> Available data:
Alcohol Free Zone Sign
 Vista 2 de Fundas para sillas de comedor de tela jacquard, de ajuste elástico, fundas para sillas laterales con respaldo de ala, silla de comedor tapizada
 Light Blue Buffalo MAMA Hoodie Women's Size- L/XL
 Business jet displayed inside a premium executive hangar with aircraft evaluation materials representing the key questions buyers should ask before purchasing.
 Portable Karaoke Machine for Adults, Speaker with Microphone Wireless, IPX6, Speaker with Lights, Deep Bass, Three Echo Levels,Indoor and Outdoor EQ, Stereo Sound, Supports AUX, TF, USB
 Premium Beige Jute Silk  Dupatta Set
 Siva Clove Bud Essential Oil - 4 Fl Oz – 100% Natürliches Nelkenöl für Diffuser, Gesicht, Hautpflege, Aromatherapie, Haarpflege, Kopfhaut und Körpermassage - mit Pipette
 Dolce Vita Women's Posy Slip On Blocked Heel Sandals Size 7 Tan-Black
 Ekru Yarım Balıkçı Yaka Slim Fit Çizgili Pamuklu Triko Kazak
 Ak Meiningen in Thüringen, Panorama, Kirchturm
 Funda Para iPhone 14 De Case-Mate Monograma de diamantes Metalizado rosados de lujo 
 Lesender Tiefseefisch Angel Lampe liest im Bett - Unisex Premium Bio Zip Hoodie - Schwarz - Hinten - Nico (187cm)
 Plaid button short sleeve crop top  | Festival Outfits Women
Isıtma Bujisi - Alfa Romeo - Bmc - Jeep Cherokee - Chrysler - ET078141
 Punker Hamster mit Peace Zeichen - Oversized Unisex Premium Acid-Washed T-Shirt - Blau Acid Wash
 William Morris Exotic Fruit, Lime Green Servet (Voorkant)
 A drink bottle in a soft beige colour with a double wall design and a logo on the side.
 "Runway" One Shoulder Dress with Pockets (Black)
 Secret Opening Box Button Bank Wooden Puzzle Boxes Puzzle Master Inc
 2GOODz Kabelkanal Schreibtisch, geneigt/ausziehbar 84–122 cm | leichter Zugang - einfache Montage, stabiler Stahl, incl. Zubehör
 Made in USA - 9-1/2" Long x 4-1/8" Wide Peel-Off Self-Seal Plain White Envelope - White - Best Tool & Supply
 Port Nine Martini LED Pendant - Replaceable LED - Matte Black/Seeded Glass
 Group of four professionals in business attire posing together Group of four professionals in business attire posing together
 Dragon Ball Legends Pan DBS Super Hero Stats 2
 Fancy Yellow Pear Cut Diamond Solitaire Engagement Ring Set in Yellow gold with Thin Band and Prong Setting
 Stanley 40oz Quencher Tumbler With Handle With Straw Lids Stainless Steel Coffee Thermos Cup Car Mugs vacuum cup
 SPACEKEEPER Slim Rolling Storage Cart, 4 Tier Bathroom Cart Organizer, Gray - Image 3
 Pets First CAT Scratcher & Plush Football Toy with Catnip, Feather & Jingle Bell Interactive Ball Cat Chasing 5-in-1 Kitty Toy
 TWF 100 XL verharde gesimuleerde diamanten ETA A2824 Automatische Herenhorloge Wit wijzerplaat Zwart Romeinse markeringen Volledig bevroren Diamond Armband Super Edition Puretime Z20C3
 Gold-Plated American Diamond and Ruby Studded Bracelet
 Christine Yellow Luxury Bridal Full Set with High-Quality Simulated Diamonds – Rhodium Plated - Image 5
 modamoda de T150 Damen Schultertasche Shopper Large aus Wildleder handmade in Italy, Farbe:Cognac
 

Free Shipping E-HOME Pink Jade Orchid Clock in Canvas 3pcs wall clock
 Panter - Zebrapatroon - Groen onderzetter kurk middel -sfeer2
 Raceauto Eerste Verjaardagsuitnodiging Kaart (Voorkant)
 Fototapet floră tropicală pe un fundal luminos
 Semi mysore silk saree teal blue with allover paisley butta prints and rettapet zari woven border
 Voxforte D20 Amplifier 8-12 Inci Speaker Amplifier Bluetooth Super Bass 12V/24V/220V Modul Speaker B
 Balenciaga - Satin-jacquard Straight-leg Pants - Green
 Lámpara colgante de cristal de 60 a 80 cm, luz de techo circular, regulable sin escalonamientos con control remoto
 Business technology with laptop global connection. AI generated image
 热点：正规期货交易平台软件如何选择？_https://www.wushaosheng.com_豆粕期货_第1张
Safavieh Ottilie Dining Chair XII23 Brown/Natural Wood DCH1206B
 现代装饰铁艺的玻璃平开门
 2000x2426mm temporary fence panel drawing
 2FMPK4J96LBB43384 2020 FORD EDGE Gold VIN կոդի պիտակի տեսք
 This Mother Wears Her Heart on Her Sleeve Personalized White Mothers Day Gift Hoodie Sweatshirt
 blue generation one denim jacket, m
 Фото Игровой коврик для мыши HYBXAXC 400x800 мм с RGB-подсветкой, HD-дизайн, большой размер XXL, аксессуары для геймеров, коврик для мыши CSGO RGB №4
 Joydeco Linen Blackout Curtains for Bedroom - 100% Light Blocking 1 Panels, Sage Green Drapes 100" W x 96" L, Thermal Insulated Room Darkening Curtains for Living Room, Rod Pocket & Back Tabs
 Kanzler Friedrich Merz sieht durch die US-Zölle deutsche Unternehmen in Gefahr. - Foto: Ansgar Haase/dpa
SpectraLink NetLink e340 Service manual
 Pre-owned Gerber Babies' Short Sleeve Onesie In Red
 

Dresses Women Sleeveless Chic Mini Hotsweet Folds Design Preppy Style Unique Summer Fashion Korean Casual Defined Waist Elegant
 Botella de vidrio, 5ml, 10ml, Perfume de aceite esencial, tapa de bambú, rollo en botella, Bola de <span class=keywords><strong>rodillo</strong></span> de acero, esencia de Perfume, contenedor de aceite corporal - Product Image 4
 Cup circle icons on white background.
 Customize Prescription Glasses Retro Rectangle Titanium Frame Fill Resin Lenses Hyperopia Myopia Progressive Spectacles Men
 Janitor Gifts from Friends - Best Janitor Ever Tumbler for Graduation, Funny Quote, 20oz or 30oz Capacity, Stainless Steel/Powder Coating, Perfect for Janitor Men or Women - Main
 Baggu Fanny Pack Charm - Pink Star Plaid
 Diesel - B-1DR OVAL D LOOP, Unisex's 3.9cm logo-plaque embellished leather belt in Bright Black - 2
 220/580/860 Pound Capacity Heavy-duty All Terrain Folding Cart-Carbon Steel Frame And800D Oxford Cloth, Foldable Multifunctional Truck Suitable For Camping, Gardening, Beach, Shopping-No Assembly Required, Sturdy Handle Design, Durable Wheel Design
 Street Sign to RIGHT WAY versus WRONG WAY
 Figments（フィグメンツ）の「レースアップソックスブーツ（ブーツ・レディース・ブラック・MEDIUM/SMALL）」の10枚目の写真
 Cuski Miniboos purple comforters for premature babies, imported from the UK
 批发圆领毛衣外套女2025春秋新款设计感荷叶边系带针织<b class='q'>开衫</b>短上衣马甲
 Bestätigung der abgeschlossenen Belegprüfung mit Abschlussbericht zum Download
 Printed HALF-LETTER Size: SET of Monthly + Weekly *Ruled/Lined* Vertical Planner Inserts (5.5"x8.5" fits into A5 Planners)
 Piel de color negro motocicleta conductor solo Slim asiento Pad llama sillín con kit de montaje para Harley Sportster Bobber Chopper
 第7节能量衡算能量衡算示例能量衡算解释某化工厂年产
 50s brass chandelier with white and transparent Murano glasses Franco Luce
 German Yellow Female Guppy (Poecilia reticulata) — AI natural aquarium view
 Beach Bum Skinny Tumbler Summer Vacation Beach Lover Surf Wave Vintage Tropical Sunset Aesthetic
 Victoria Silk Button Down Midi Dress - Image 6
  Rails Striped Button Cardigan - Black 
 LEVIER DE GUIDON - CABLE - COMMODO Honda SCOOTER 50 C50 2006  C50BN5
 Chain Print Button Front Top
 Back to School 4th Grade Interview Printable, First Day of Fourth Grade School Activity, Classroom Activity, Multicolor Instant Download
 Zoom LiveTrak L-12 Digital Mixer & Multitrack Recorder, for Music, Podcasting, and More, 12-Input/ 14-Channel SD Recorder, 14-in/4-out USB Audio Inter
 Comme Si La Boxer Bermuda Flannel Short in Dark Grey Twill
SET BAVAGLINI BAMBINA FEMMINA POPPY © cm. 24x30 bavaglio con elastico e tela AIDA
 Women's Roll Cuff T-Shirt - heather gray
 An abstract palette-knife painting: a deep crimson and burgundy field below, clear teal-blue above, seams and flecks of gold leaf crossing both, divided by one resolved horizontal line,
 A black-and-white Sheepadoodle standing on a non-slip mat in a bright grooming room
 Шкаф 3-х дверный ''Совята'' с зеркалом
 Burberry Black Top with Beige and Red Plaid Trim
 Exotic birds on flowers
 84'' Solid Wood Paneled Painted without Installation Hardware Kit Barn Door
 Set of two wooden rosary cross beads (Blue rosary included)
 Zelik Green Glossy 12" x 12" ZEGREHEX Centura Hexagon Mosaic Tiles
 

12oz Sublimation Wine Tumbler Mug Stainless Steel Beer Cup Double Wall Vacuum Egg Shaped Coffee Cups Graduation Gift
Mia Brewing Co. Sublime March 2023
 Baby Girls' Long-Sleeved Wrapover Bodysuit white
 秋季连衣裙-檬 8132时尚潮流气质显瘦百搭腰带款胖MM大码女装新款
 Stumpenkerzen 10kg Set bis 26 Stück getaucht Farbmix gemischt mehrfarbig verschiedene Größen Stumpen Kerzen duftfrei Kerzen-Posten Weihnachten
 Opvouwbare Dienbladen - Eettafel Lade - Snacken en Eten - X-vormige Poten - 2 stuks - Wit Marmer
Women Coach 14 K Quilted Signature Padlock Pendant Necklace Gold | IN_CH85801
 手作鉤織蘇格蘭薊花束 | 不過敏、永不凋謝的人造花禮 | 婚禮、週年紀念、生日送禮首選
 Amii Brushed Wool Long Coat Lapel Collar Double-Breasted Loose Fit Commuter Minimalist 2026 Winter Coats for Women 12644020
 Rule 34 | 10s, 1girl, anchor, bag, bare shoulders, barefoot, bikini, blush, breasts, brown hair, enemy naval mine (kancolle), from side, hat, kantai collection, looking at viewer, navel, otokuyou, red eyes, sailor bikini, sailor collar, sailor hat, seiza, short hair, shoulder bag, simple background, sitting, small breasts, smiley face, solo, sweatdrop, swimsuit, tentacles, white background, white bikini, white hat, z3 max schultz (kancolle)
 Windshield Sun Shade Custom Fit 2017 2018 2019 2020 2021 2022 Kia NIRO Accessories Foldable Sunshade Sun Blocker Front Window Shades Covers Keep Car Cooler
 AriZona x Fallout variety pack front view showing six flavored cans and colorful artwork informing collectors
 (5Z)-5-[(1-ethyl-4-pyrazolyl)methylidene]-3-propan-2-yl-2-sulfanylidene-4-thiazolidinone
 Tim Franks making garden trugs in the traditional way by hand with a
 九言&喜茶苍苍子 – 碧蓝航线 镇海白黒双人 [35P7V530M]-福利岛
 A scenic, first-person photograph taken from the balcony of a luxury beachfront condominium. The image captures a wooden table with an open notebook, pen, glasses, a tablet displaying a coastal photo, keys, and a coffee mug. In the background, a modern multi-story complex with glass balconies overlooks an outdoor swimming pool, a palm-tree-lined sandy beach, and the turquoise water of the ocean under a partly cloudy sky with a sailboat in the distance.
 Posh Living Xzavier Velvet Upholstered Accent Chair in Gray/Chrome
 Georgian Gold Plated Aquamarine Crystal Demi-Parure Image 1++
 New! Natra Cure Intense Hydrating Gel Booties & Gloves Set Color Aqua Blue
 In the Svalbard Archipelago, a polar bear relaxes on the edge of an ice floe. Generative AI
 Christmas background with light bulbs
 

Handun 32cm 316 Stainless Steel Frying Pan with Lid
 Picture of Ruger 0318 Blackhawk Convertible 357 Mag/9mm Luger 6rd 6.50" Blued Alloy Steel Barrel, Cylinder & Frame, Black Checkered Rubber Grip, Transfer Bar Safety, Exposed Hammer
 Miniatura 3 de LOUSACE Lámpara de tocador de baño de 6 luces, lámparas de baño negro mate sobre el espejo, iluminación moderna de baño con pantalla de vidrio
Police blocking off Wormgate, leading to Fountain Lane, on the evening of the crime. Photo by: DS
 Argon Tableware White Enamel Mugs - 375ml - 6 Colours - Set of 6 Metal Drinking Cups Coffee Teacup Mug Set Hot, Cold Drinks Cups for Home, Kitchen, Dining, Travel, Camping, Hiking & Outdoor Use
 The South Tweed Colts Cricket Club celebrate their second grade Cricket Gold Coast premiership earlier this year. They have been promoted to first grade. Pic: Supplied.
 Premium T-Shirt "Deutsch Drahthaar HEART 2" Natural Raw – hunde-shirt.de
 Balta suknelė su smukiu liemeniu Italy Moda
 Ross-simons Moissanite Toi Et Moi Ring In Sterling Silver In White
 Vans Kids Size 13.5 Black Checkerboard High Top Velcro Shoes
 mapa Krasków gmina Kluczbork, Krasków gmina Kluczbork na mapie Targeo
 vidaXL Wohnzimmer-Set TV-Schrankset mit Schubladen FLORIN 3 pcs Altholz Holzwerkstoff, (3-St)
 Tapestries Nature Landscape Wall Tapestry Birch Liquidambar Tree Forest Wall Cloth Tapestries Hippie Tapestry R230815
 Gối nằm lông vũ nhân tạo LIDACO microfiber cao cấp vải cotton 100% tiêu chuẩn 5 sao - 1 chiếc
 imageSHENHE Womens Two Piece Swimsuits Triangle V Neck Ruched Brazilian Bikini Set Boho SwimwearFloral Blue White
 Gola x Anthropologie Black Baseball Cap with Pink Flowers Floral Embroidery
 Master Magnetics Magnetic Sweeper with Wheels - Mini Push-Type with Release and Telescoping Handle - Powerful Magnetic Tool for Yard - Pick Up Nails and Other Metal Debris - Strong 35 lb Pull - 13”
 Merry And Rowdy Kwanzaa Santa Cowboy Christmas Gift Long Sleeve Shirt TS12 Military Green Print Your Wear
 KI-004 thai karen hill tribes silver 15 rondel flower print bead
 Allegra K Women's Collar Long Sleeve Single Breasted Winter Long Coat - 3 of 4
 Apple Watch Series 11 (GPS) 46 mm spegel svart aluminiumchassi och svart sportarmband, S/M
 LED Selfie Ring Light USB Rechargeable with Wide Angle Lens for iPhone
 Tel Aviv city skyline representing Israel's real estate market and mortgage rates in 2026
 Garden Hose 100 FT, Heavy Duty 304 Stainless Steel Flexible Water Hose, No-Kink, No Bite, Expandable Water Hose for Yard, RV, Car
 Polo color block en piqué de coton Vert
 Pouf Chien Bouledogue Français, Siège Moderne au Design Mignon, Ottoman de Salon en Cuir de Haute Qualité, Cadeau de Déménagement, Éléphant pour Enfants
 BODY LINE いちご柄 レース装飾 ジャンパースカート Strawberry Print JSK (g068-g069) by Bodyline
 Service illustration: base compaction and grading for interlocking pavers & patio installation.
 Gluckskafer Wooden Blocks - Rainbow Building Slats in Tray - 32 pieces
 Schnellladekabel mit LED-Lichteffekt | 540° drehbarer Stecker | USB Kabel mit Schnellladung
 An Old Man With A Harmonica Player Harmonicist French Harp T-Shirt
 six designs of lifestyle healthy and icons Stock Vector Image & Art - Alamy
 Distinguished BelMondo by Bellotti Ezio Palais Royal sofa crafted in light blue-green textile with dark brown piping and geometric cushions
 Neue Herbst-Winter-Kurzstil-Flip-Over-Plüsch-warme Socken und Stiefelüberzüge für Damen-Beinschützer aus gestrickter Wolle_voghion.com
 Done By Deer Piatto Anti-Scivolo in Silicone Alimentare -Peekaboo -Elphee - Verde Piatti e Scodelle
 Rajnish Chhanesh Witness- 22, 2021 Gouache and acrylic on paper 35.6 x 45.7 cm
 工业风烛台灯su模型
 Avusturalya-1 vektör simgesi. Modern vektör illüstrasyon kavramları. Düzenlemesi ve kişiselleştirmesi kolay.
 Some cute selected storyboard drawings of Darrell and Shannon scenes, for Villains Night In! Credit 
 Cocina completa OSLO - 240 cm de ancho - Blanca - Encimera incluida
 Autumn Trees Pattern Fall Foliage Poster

> Assignment: Precisely the lines between those holding "Women Coach 14" and "Amii Brushed Wool", inclusive, are to be reproduced from the listing above, with nothing added.

> Written solution:
Women Coach 14 K Quilted Signature Padlock Pendant Necklace Gold | IN_CH85801
 手作鉤織蘇格蘭薊花束 | 不過敏、永不凋謝的人造花禮 | 婚禮、週年紀念、生日送禮首選
 Amii Brushed Wool Long Coat Lapel Collar Double-Breasted Loose Fit Commuter Minimalist 2026 Winter Coats for Women 12644020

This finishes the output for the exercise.